Records to process »
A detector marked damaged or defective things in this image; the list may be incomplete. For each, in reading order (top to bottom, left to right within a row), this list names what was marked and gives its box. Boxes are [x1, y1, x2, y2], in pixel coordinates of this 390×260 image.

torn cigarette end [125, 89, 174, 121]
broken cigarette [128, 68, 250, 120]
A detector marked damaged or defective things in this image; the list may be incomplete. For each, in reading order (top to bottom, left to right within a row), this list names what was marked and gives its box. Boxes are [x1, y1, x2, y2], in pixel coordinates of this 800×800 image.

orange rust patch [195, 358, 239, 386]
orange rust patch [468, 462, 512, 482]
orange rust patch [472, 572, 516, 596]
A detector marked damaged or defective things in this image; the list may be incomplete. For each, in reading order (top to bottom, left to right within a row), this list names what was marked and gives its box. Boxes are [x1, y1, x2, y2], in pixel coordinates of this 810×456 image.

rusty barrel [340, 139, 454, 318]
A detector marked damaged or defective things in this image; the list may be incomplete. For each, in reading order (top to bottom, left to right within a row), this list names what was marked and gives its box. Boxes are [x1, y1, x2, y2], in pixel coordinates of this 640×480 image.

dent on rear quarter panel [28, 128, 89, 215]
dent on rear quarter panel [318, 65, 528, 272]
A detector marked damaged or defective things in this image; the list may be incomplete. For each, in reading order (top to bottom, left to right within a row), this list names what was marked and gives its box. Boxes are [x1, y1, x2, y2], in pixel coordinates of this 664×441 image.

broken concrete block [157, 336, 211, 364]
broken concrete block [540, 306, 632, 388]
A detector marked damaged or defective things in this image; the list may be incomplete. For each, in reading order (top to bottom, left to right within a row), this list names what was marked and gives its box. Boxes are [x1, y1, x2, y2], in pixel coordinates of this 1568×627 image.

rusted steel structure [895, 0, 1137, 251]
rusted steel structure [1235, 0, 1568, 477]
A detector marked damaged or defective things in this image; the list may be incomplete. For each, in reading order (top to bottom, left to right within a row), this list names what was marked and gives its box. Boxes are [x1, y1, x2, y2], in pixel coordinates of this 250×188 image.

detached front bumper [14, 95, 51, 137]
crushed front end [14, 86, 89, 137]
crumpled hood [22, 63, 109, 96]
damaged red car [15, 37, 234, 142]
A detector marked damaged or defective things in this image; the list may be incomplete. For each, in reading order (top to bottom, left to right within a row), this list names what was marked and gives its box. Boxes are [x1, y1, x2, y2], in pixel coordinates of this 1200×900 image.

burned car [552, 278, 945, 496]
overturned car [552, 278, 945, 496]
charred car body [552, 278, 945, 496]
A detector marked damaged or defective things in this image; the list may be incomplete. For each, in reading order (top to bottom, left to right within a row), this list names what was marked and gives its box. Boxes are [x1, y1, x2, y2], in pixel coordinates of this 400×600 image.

To do » All the entries are to be reproduced verbatim.

Result for this exercise »
A detector marked damaged or defective things in this image; the list may be incomplete. For each, in reading order (top to bottom, left to right within a row), this list names what was marked and gives its box. Boxes are [x1, y1, x2, y2], in pixel coordinates of this 390×260 image.

torn cigarette end [125, 89, 174, 121]
broken cigarette [128, 68, 250, 120]
A detector marked damaged or defective things in this image; the list may be incomplete. For each, in reading order (top to bottom, left to right within a row), this list names what was marked and gives its box. Boxes are [x1, y1, x2, y2], in pixel coordinates of this 800×800 image.

orange rust patch [195, 358, 239, 386]
orange rust patch [468, 462, 512, 482]
orange rust patch [472, 572, 516, 596]
A detector marked damaged or defective things in this image; the list may be incomplete. For each, in reading order (top to bottom, left to right within a row), this list names what was marked and gives its box. Boxes are [x1, y1, x2, y2], in pixel coordinates of this 810×456 image.

rusty barrel [340, 139, 454, 318]
A detector marked damaged or defective things in this image; the list may be incomplete. For each, in reading order (top to bottom, left to right within a row), this list names what was marked and gives its box. Boxes are [x1, y1, x2, y2], in pixel coordinates of this 640×480 image.

dent on rear quarter panel [28, 128, 89, 215]
dent on rear quarter panel [318, 65, 528, 272]
A detector marked damaged or defective things in this image; the list may be incomplete. For each, in reading order (top to bottom, left to right within a row), this list names what was marked and gives its box. Boxes are [x1, y1, x2, y2], in pixel coordinates of this 664×441 image.

broken concrete block [157, 336, 211, 364]
broken concrete block [540, 306, 632, 388]
A detector marked damaged or defective things in this image; the list may be incomplete. For each, in reading order (top to bottom, left to right within a row), this list names what was marked and gives its box. Boxes are [x1, y1, x2, y2], in pixel coordinates of this 1568×627 image.

rusted steel structure [895, 0, 1137, 251]
rusted steel structure [1235, 0, 1568, 477]
A detector marked damaged or defective things in this image; the list may be incomplete. For each, in reading order (top to bottom, left to right within a row), this list names what was marked and gives its box. Boxes are [x1, y1, x2, y2], in pixel coordinates of this 250×188 image.

detached front bumper [14, 95, 51, 137]
crushed front end [14, 86, 89, 137]
crumpled hood [22, 63, 109, 96]
damaged red car [15, 37, 234, 142]
A detector marked damaged or defective things in this image; the list may be incomplete. For each, in reading order (top to bottom, left to right within a row), this list names what was marked and gives its box. Boxes are [x1, y1, x2, y2], in pixel coordinates of this 1200×900 image.

burned car [552, 278, 945, 496]
overturned car [552, 278, 945, 496]
charred car body [552, 278, 945, 496]
A detector marked damaged or defective things in this image; the list may be incomplete. For each, in reading order (top to bottom, left to right within a row), this list names what was marked and gives its box. Boxes are [x1, y1, x2, y2], in pixel coordinates of this 400×600 image.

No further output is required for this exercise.